And why do we know this from the very start? Because of her body type and that of the New Woman. Secondarily from her position in life and that of the New Woman, but really. The more like my own body the description, the less possible it is for a woman ever to have any intellectual agency or pursuits, and the more likely she is simply rotten to the core. Girls with curves never get to be the New Woman. I don't at this point care whether it's because Byatt has selected a Very Very Special Ant Metaphor in which the curves are the same as the bloated old queen, because she's doing the same damn thing as everyone who hasn't bothered with the metaphor. Any time there is a choice between a curvy woman and one who is more "spare" or "elegant" or just plain less curvy, the curvy one will wind up evil, dead, or both, and a good thing, too, because we can't have her sort running around getting a handle on good men who might blossom with an intellectual equal for a partner. Every girl chooses consciously and with full control at puberty, you know, brains or breasts, and so the ones who have breasts have only themselves to blame when other people realize they need to be evil or dead.

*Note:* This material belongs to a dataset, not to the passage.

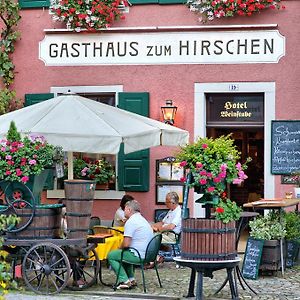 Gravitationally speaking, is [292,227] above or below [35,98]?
below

The only things that surprised me in this story were when Byatt didn't bother to explain away Eugenia's previous illustrations with her father's collection and when Eugenia didn't have conflict with her mother and need to go create a new nest, since multiple queens in the same nest can get pretty iffy pretty fast, and nobody seemed to be abandoning or neglecting the old queen once the new one started breeding. I mean, not only was Eugenia curvy, she was eager for sex! Which is always a bad sign in a woman. Means they're not only bad but probably up to something.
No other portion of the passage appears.